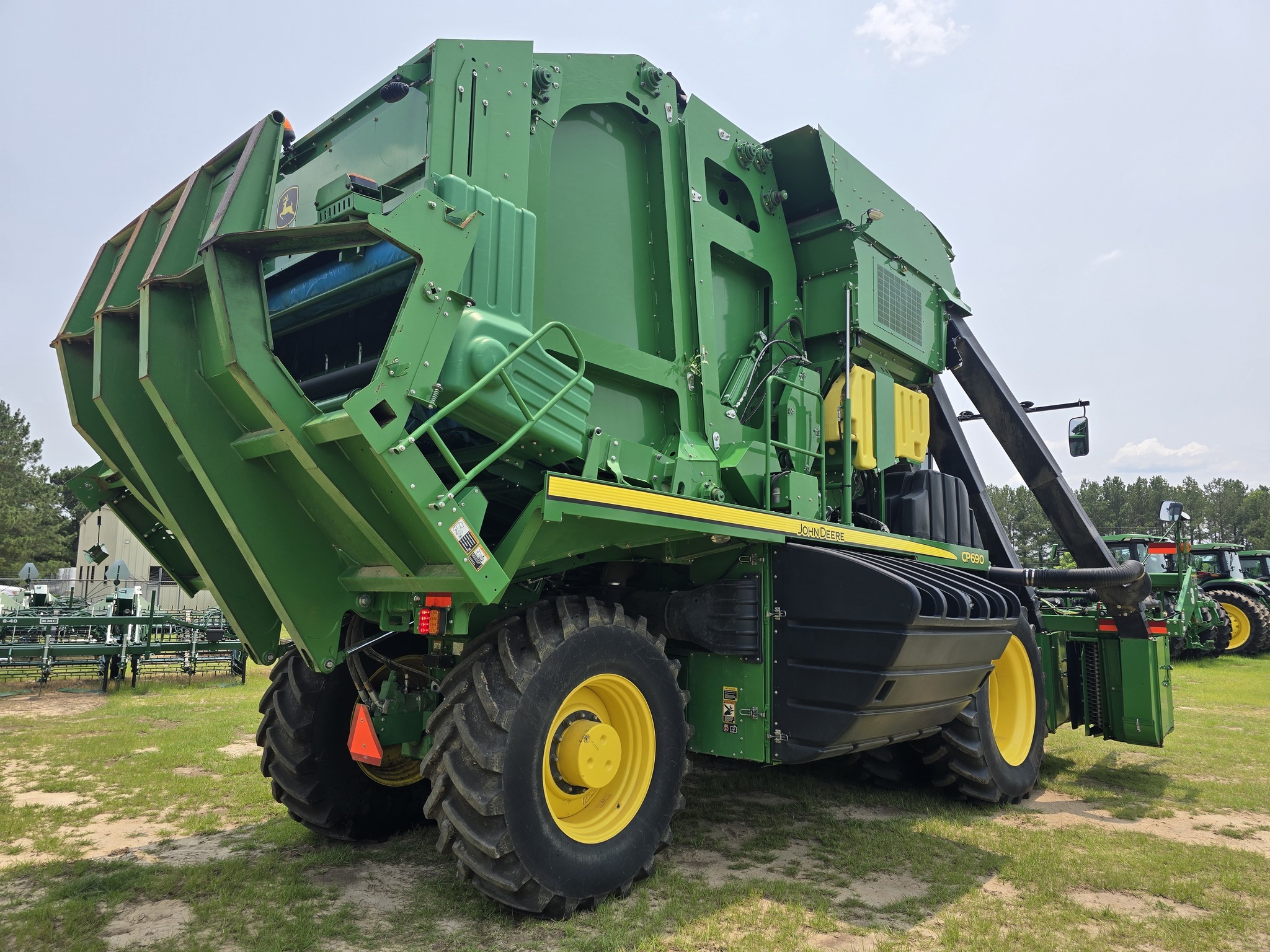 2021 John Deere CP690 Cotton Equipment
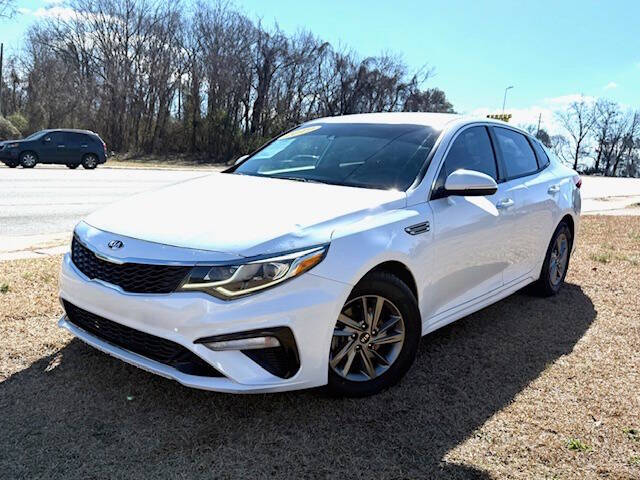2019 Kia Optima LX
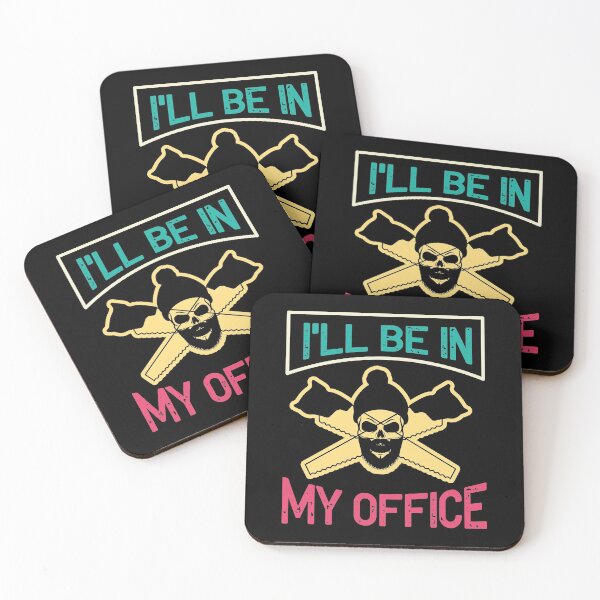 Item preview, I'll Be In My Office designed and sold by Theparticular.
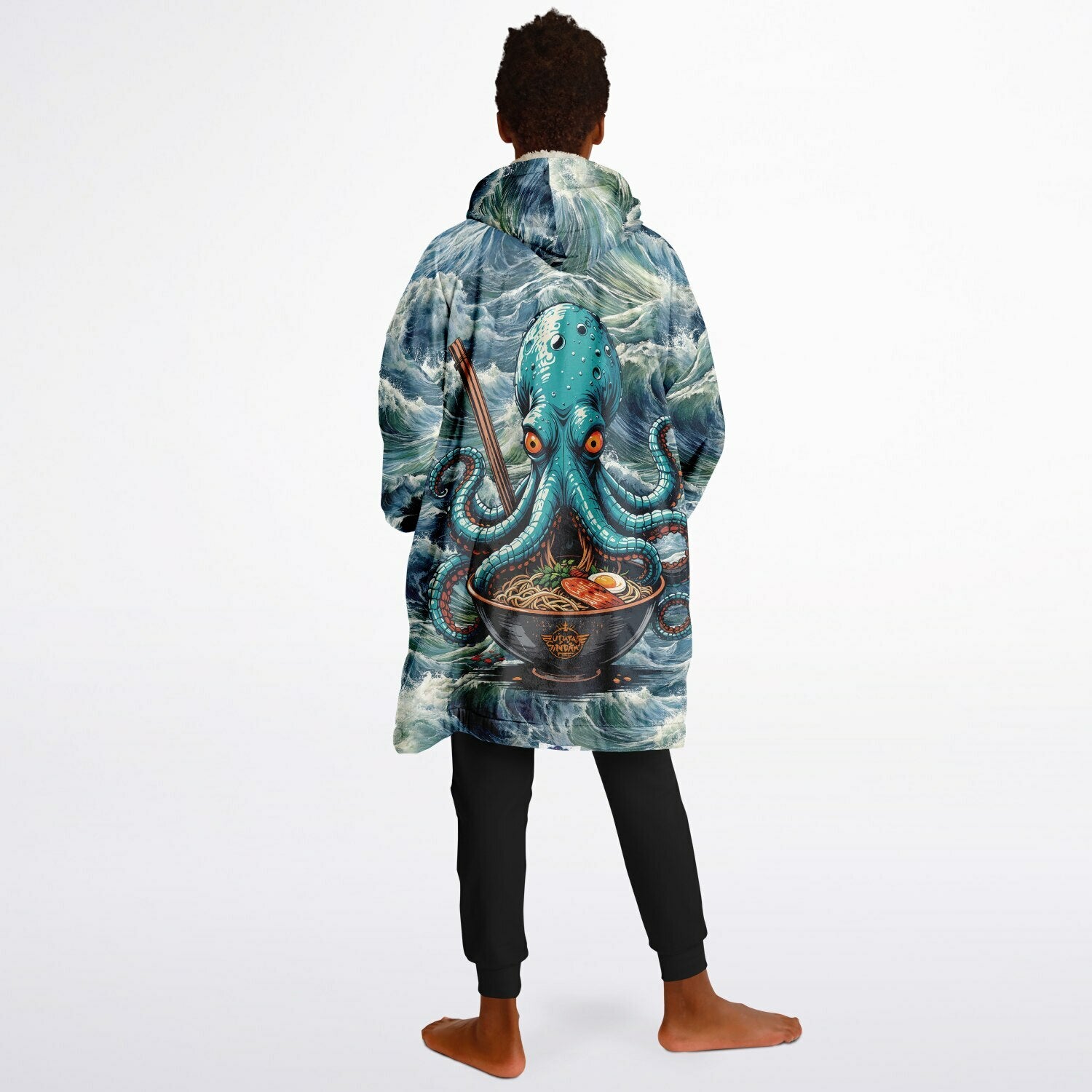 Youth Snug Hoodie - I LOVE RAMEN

...

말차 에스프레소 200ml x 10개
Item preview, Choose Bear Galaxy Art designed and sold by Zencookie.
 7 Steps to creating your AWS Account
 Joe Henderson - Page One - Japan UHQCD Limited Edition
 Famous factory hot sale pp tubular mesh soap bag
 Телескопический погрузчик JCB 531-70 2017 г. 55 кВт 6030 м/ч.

* * *

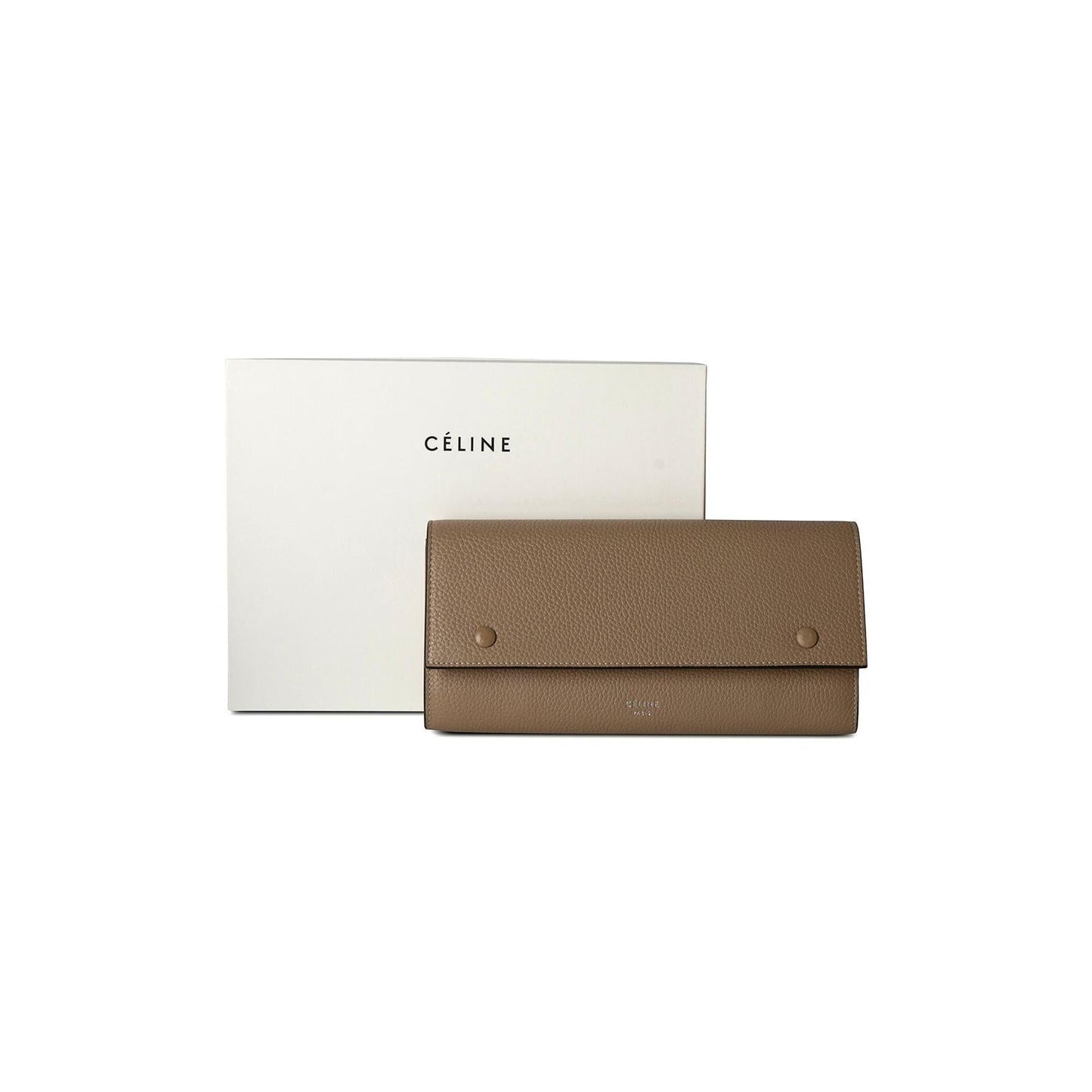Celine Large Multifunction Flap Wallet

* _Work request_: Give back exactly the lines above that run from the one with "2021 John Deere CP690 Cotton Equipment" to the one with "Youth Snug Hoodie - I LOVE RAMEN", including both, with the pictures left out.

* _Response_:
 2021 John Deere CP690 Cotton Equipment
2019 Kia Optima LX
 Item preview, I'll Be In My Office designed and sold by Theparticular.
 Youth Snug Hoodie - I LOVE RAMEN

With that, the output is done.